▸ What to work on
Look through the records below, and whenever a line contains "Sashes", copy it.

Data Block Start

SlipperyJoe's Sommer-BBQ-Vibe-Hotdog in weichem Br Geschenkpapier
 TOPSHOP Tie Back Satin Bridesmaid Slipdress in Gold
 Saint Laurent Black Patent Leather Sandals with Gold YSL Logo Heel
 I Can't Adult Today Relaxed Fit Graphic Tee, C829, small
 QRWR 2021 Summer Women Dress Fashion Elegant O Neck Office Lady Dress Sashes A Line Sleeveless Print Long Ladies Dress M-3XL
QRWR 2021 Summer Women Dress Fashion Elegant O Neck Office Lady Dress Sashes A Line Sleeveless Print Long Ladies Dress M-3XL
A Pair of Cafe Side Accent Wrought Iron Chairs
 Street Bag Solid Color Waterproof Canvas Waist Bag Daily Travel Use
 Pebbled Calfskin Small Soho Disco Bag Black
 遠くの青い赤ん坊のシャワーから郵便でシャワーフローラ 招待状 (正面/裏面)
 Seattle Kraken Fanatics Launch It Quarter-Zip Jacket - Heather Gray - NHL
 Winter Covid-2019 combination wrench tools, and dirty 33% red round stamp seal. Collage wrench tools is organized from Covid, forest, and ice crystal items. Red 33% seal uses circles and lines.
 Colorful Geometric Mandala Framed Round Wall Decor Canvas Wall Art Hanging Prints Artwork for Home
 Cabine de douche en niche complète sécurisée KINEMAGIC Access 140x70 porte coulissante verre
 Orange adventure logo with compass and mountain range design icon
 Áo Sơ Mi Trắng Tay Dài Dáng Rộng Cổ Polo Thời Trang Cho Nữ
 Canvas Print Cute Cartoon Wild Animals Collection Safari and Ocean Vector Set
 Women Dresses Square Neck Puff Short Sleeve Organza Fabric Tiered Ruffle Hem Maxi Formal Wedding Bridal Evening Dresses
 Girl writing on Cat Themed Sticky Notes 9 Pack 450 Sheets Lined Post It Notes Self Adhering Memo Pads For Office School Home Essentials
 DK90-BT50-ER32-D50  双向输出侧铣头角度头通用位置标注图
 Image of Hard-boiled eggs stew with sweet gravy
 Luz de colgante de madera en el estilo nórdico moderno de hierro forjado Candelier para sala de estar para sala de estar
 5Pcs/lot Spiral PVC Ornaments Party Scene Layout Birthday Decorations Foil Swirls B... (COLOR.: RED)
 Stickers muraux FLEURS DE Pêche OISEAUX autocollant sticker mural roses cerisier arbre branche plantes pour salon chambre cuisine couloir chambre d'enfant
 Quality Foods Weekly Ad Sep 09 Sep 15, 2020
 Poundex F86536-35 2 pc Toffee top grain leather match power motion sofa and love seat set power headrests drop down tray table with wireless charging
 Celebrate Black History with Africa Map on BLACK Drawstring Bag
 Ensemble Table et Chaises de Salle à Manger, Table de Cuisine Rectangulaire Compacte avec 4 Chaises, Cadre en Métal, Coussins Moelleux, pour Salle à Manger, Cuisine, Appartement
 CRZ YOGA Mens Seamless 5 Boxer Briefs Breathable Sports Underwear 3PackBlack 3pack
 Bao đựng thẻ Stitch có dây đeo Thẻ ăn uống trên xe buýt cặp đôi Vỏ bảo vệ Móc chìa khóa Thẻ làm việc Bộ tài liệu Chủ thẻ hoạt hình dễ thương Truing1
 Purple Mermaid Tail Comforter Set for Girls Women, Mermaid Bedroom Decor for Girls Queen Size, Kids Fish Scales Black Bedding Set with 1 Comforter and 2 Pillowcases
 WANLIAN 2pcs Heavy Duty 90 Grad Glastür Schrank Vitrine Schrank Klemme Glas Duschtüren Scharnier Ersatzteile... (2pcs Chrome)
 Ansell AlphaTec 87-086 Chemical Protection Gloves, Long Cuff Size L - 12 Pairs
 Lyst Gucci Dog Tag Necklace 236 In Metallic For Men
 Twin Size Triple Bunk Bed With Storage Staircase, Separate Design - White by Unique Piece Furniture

Data Block End

▸ Answer below
 QRWR 2021 Summer Women Dress Fashion Elegant O Neck Office Lady Dress Sashes A Line Sleeveless Print Long Ladies Dress M-3XL
QRWR 2021 Summer Women Dress Fashion Elegant O Neck Office Lady Dress Sashes A Line Sleeveless Print Long Ladies Dress M-3XL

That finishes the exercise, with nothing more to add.